As a staunch Remainer, I can’t get out of my head a cartoon picture of lemmings stampeding towards a cliff’s edge, with one lemming saying to another: ‘Oh quit moaning: it’s the will of the people.’ But equally I can’t deny the force of Brexiters’ complaints about a second referendum: ‘So you just want to keep putting the question until the people give the right answer.’
The idea that the result of a popular vote, however unwise, must never be frustrated cannot be categorically true in all circumstances. But the statement that if we’re sufficiently sure the result is bad for our country then we should try to overturn it cannot always be true either. So let’s try a range of what-ifs, asking in each case which side we’d come down on when it came to the question of reversibility. I’ve selected only scenarios where there’s a good measure of irreversibility about the decision, because that must pile on the agony. We can repent of electing a Labour government and elect a Conservative one later; but leaving the EU is different.
Here are five what-ifs:
(1) The borough council puts to a local referendum its proposal to fell all the mature oaks along a street, and the vote goes the council’s way.
(2) Westminster puts to a national referendum a proposal to abolish all grammar schools, and wins.
(3) Ditto, but the proposal is to relinquish Britain’s independent nuclear deterrent.
(4) During a wave of public hostility to immigration, a referendum is won to expel from Britain all immigrants of less than five years’ standing.
(5) It’s the 1930s, and the proposal to re-arm (stoutly opposed, as it was, by the Daily Mail and public opinion) is put to a national plebiscite, and vetoed.
I suppose almost everyone, gritting their teeth, would say the first decision (about the trees) must stand, if that’s what people want. I suppose very few, however, would think it unforgivably undemocratic to confound (or re-consult, at least) the people in the last case: re-armament.

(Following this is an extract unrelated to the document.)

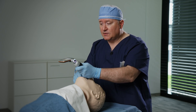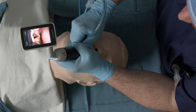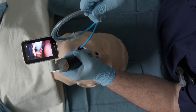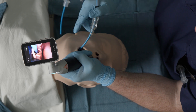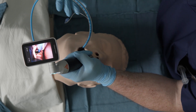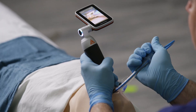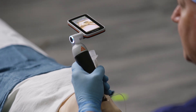I'll begin by performing the laryngoscopy on the mannequin. I want to make sure I get to that vallecula and expose that larynx. What I can now do is deliver the bougie with a simple motion of the arm, remove the tail of the bougie, and then advance the tracheal tube with a leftward twist to avoid impingement on the right corniculate cartilage. I'll now grasp the tracheal tube and remove the bougie myself with this technique.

Where along this scale do you, reader, begin to wobble? Though opposing the popular result in all five cases, I’d give the voters their way right up to (perhaps including) the vote to relinquish Trident. I wobble badly at (4) (expelling immigrants) but on balance would confound the electorate here. On five I’d be firmly in favour of calling a second, ‘people’s’, vote on appeasement, or even just ignoring the result while pleading changed circumstances.
But can any of you say, hand on heart, that the will of the people should be treated as sacrosanct in every case? If not, we must conclude that almost nobody actually thinks that nothing should stand between the people and their clearly expressed wish in a popular plebiscite. We simply have different levels of tolerance of the damage we think a wrong result could do.
Because, of course, Brexiters do not believe that Brexit will in fact do any damage — quite the reverse — it’s perfectly natural that the people’s will easily tips the scales for them, and they conclude that it’s illegitimate even to ask the voters a second time. And because Remainers (many of us) are very convinced of the great damage that Brexit will do, we find ourselves in the ‘confound the first referendum’ camp.
But these are differences in our opinions about the likelihood and severity of damage; they are not necessarily differences about the sanctity or otherwise of referendum results. As Nigel Farage has made clear, if the referendum had gone the other way then many Leavers would have called at once for another. And I suppose if it had gone my way, I’d be huffing and puffing self-righteously about the will of the people when Mr Farage refused to accept the result.
Mr Darling, however, hating but not wishing to overturn a result, attests to a more principled divide. Almost capriciously we have started resorting to referendums to get politicians off the hook, without acknowledging the divide. How final, for you, is the will of the people? ‘You ask people what they think,’ as Darling said, but how clearly, for you, do you ‘have to live with it’? There is less agreement on this than lip service might suggest.